Using a camera at eye level also leads to a more direct interaction with people being photographed; you are unmistakably looking directly at them, and studying them. This may not be the best way to put people at their ease. Candid and street photography is certainly possible, and most has probably been done using eye level cameras although some of the earliest street photographers used large plate cameras disguised as parcels so as to be able to photograph unobserved. It helps if all you have to do is raise the camera and make the exposure, having made all the adjustments previously (or let the camera take care of them for you).
Waist level cameras
The optical arrangement of cameras with waist level finders consists of a lens (which may be the taking lens of the camera), and a mirror to reflect the light through 45º to a focusing screen. This gives an image that is the right way up, but reversed from left to right.
Using a waist level camera gives you a focusing screen that it’s easy to see is not an extension of your own vision. You see it more as you would a photograph – isolated from its surroundings. This makes it easier to study the screen, and examine all the things that you don’t look at or notice when your eye is darting around a scene in the normal way we have of looking at things. It’s easier to see the problems. Having the left and right reversed on the screen further takes us away from what we “know” is there, and aids us to study the screen rather than assuming we know what is there.

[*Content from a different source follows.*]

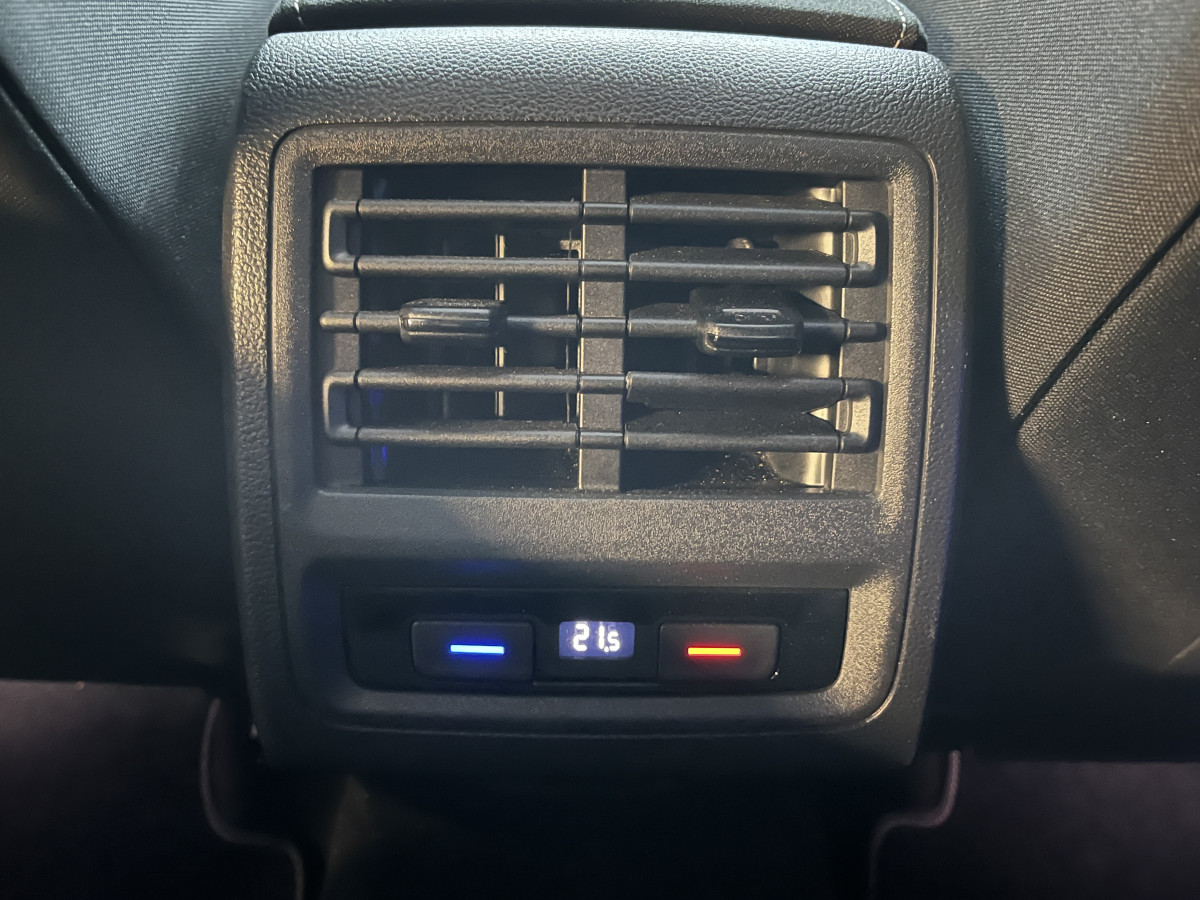 VOLKSWAGEN GOLF 8 GTD 2,0 TDI 200 DSG7 TOIT PANORAMIQUE GPS CAMERA  ATTELAGE  REGULATEUR ADAPTATIF  LIMITEUR FULL LED APPLE CARPLAY KEYLESS  EXCELLENT ETAT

If using a digital camera with a tilting LCD screen, the screen can be used in this way,
The ease of separating yourself from the scene, and seeing the image as it will appear in a print detached from reality is evident in this view of a waist level finder as it appears in use as we look down into it.

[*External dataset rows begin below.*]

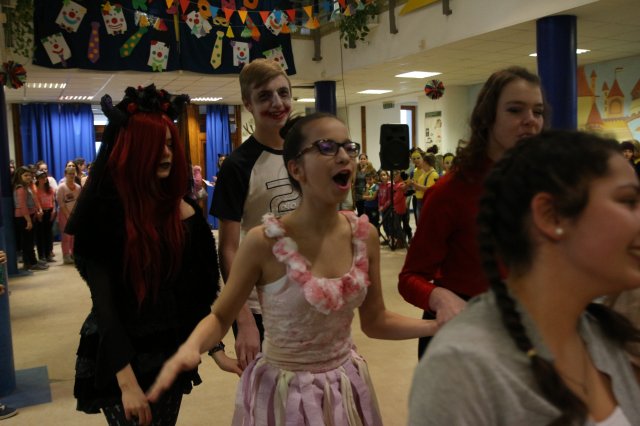 Itt a farsang áll a bál...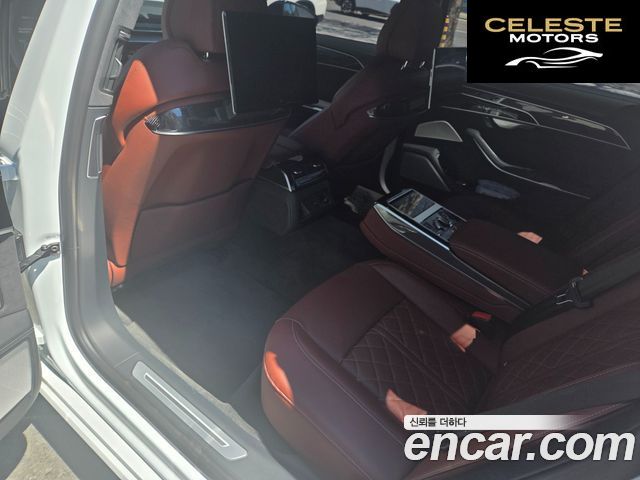 AUDI S8 (D5) 4.0 TFSI Quattro LWB 2023 — photo 7 sur 22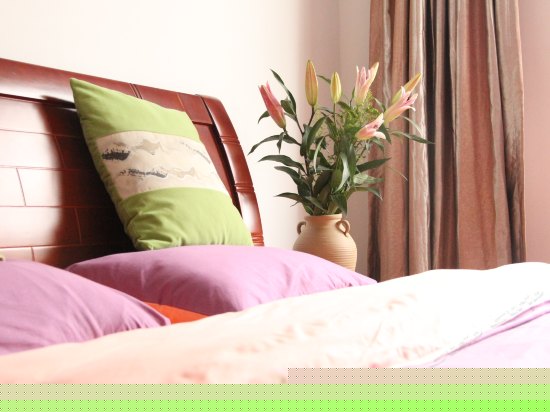 紫色浪漫豪华大床房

The enlarged screen image can be seen to be laterally reversed when compared side by side with the actual view.
When photographing people, you have to lower your head and take up a more subservient position, rather than the confrontational one of an eye level camera. This can also lead to a different perception on the part of your subjects.
With view cameras the image on the screen is not only laterally reversed, but also upside down (devices are made to invert the image, if you don’t mind even more weight and bulk). Although this seems a major difficulty, it actually helps, in that you are no longer able to make so many assumptions about what is being recorded. Faced with a scene, we all tend to assume that we know what’s there, and miss the things that shouldn’t be there because we aren’t expecting them. Divorced from reality by being upside down, the screen encourages you to examine it more closely. If a composition works upside down, it should also work when seen the right way up. And a view camera encourages you to study the forms, shapes and masses without the distraction of knowing what they are.
The above shows a view camera screen as it appears if a focusing cloth is not used to cut out the reflections. Normally, it would be a clear image. The actual scene (for comparison) is shown below.
Note that on the view camera screen, the image is not only upside down, but also reversed left to right.
Most different camera types are made in several different formats, so we can ignore the question of format here and look at the basic design issues
All reflex cameras have a screen onto which the image from the lens is focused and the “reflex” part of the name is given because there is a mirror involved in getting the image from the lens to the viewing screen. (This diagram is from Wikipedia)
1. The lens
2. The mirror. This is usually front silvered which makes it a particularly delicate part of the camera.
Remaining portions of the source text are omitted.